## What to produce
Each line from the line that includes "Photo of property" through the end of the material below must be transcribed exactly, with no other lines.

## Data to examine
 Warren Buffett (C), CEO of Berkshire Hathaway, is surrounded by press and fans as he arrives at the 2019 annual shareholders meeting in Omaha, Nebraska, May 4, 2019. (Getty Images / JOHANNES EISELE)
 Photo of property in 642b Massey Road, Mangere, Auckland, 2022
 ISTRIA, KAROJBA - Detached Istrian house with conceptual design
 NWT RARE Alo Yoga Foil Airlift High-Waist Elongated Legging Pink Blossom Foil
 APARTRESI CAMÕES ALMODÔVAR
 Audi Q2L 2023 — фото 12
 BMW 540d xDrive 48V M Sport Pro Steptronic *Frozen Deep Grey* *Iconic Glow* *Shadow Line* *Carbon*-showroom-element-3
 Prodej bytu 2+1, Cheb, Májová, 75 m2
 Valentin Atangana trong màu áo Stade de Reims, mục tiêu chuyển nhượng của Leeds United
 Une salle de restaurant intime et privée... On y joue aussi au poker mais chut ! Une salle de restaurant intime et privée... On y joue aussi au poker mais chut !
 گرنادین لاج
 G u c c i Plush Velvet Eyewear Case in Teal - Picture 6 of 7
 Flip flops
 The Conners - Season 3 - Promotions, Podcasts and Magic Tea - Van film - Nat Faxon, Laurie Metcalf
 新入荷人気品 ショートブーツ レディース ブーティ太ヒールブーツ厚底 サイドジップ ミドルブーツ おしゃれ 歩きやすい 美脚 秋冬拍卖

## Response to this task
 Photo of property in 642b Massey Road, Mangere, Auckland, 2022
 ISTRIA, KAROJBA - Detached Istrian house with conceptual design
 NWT RARE Alo Yoga Foil Airlift High-Waist Elongated Legging Pink Blossom Foil
 APARTRESI CAMÕES ALMODÔVAR
 Audi Q2L 2023 — фото 12
 BMW 540d xDrive 48V M Sport Pro Steptronic *Frozen Deep Grey* *Iconic Glow* *Shadow Line* *Carbon*-showroom-element-3
 Prodej bytu 2+1, Cheb, Májová, 75 m2
 Valentin Atangana trong màu áo Stade de Reims, mục tiêu chuyển nhượng của Leeds United
 Une salle de restaurant intime et privée... On y joue aussi au poker mais chut ! Une salle de restaurant intime et privée... On y joue aussi au poker mais chut !
 گرنادین لاج
 G u c c i Plush Velvet Eyewear Case in Teal - Picture 6 of 7
 Flip flops
 The Conners - Season 3 - Promotions, Podcasts and Magic Tea - Van film - Nat Faxon, Laurie Metcalf
 新入荷人気品 ショートブーツ レディース ブーティ太ヒールブーツ厚底 サイドジップ ミドルブーツ おしゃれ 歩きやすい 美脚 秋冬拍卖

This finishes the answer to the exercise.